Di - serialnie nie moge sie oderwac Wyczytam normalnie wszystko.
Znam pare osob z Wroclawia, ktore graja w bijatyki tak dlugo jak ja (czyli z 20 lat), wychowalismy sie na automatach (heh, piekne czasy, siedzialem godzinami na salonie, jedna zlotowka grajac pare godzin bo na SF2 ciagle ktos sie dolaczal)...ale ze zaczelo sie tzw. 'dorosle' zycie (blee...), a ludzie graja niestety po domach, bo salony niestety umarly, nawet nasza 'mala scena' sie rozpadla. Domowo gramy sobie towarzysko do dzis, wszyscy czekaja na KoFXII (ja mniej, zreszta wiele znajmoych bedzie w to grac na iksie, nie wiem jak na tym padzie), ale w SF4 oprocz jednej osoby nie ma za bardzo z kim grac, wiec zostaje piekny wynalazek PSN.
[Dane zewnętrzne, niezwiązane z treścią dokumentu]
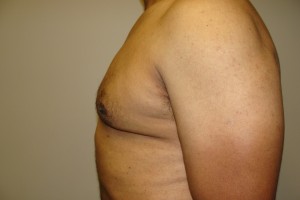 Gynecomastia Before and After 18 | Grover Aesthetics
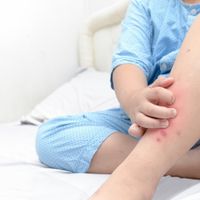 医師監修 赤ちゃんの あざ はなぜできる ほうっておいて大丈夫 9症状を小児科医が解説 たまひよ 医師監修 赤ちゃんの あざ はなぜできる ほうっておいて大丈夫 9症状を小児科医が解説 たまひよ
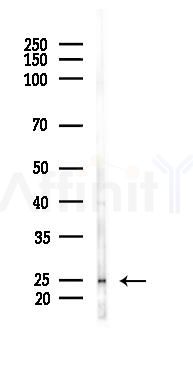 TMBIM6 Antibody - Western blot analysis of lysates from LoVo cells(heat-shock, 45min treatment), using TMBIM6 Antibody at 1/1000 dilution.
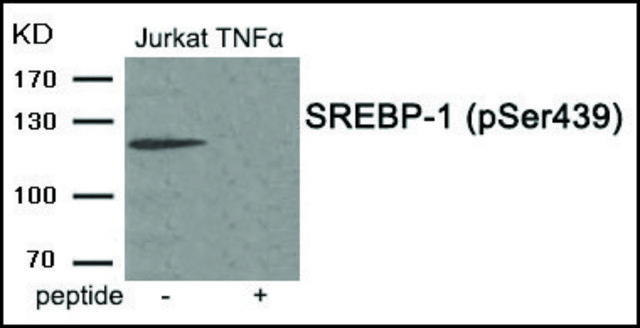 Anti-phospho-SREBP-1 (pSer439) antibody produced in rabbit affinity isolated antibody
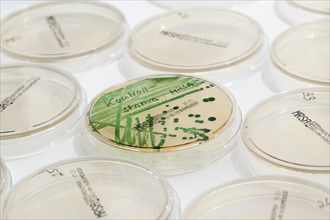Microbiological diagnosis of MRSA bacteria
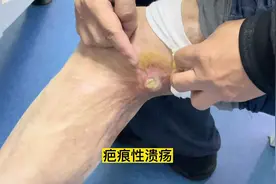 腿窝的挛缩疤痕曾经破了好了，这次咋就不愈合，建议手术，还要等视频封面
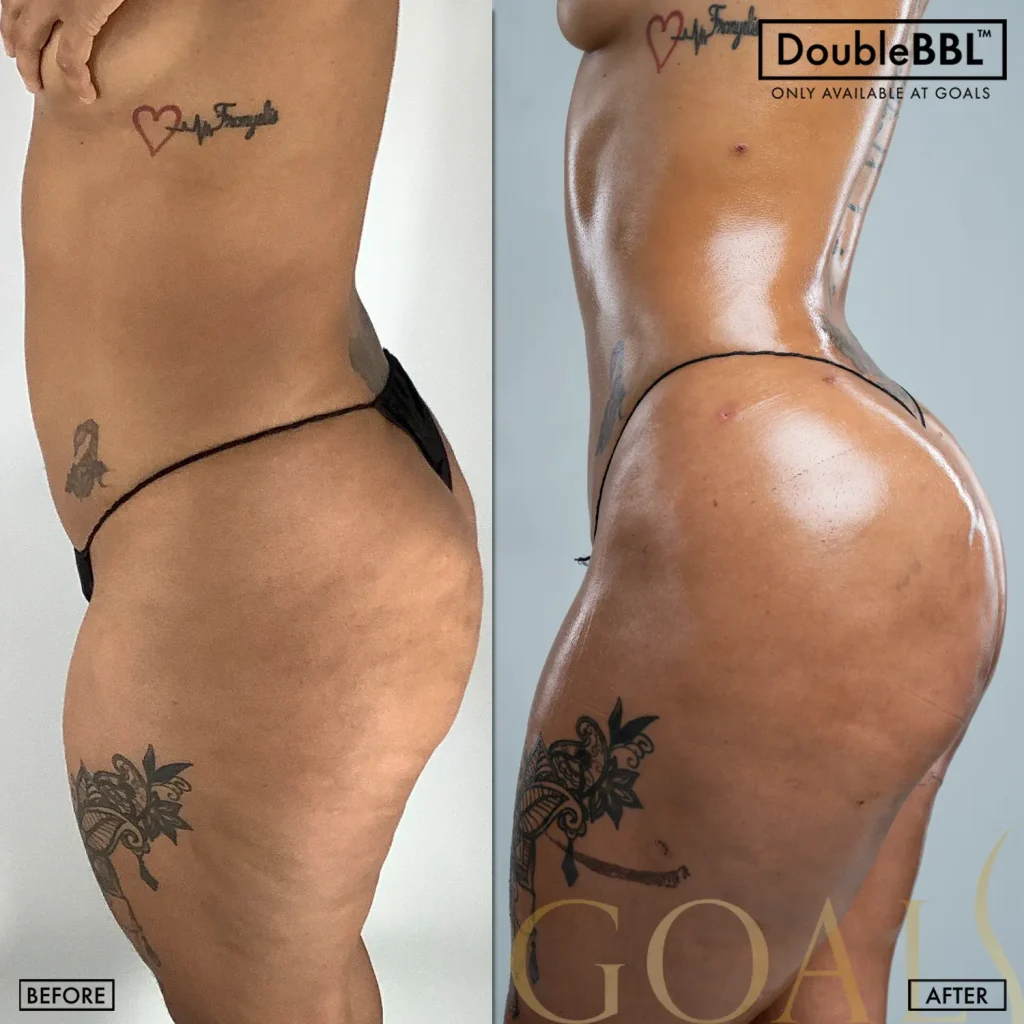 Before and after — Brooklyn, patient 6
Crono - fajnie Cie widziec! no ja tez zardzewialem na maksa, zreszta widzisz kiedy jestem ostatnio na PSN (nigdy, life is brutal, a w pracy na uczelni studenci ciaagle chca cos zaliczac;)), gralem tylko z Arturem pare razy na zywca u mnie (znasz go z PSN, choc bijemy go niemilosiernie i ciagle powtarzam mu ze gra jak w SF2;). Po obejrzeniu EVO i ulozeniu private life chetnie wroce do gry, jest jeszcze wiele rzeczy do nauczenia sie, zreszta nie przestaje mi sie podobac.
Na marginesie: moj tekst do kumpla ktory ma za slabego PCta, zeby wrzcuic SF4 na full detalach i wylacza tla..."chociaz nie trzeba stage'y zmieniac!"